■ **TASK GOAL**
Output exactly, with nothing added, the entries from the first line through the line with "Rick Owens Drkshdw".

-------- RECORD EXCERPTS --------

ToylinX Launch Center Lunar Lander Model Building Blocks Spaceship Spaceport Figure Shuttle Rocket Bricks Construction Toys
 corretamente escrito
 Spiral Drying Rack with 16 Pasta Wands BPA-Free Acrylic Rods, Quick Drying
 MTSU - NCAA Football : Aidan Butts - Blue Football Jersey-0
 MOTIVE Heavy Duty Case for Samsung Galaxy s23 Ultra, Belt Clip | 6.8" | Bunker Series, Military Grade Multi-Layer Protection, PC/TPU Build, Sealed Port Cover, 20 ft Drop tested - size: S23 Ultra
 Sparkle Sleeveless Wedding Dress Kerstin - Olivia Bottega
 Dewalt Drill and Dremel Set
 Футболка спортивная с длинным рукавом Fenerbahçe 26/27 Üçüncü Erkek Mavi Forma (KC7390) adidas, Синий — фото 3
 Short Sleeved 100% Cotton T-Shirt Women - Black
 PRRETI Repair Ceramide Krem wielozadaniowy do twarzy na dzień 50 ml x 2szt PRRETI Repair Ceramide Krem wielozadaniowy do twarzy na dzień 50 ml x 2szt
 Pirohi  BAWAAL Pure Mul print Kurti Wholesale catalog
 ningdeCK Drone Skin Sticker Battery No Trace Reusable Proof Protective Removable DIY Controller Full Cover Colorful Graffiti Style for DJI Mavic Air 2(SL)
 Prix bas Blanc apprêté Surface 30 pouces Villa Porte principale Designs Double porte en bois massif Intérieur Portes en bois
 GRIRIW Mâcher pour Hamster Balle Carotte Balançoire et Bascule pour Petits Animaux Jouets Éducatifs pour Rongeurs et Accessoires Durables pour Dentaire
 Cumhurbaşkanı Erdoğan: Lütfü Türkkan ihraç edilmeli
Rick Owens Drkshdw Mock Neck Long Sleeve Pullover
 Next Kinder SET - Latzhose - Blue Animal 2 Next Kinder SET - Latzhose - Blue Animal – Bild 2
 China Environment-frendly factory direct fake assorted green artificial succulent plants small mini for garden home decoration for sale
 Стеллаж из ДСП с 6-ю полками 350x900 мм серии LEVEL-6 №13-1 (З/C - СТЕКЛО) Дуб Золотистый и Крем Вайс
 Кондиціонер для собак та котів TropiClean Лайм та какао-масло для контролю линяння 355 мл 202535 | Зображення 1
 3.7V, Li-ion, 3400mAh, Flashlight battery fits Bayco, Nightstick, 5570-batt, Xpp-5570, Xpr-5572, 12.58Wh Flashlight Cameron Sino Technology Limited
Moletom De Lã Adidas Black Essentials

--------

■ **FINISHED TASK**
ToylinX Launch Center Lunar Lander Model Building Blocks Spaceship Spaceport Figure Shuttle Rocket Bricks Construction Toys
 corretamente escrito
 Spiral Drying Rack with 16 Pasta Wands BPA-Free Acrylic Rods, Quick Drying
 MTSU - NCAA Football : Aidan Butts - Blue Football Jersey-0
 MOTIVE Heavy Duty Case for Samsung Galaxy s23 Ultra, Belt Clip | 6.8" | Bunker Series, Military Grade Multi-Layer Protection, PC/TPU Build, Sealed Port Cover, 20 ft Drop tested - size: S23 Ultra
 Sparkle Sleeveless Wedding Dress Kerstin - Olivia Bottega
 Dewalt Drill and Dremel Set
 Футболка спортивная с длинным рукавом Fenerbahçe 26/27 Üçüncü Erkek Mavi Forma (KC7390) adidas, Синий — фото 3
 Short Sleeved 100% Cotton T-Shirt Women - Black
 PRRETI Repair Ceramide Krem wielozadaniowy do twarzy na dzień 50 ml x 2szt PRRETI Repair Ceramide Krem wielozadaniowy do twarzy na dzień 50 ml x 2szt
 Pirohi  BAWAAL Pure Mul print Kurti Wholesale catalog
 ningdeCK Drone Skin Sticker Battery No Trace Reusable Proof Protective Removable DIY Controller Full Cover Colorful Graffiti Style for DJI Mavic Air 2(SL)
 Prix bas Blanc apprêté Surface 30 pouces Villa Porte principale Designs Double porte en bois massif Intérieur Portes en bois
 GRIRIW Mâcher pour Hamster Balle Carotte Balançoire et Bascule pour Petits Animaux Jouets Éducatifs pour Rongeurs et Accessoires Durables pour Dentaire
 Cumhurbaşkanı Erdoğan: Lütfü Türkkan ihraç edilmeli
Rick Owens Drkshdw Mock Neck Long Sleeve Pullover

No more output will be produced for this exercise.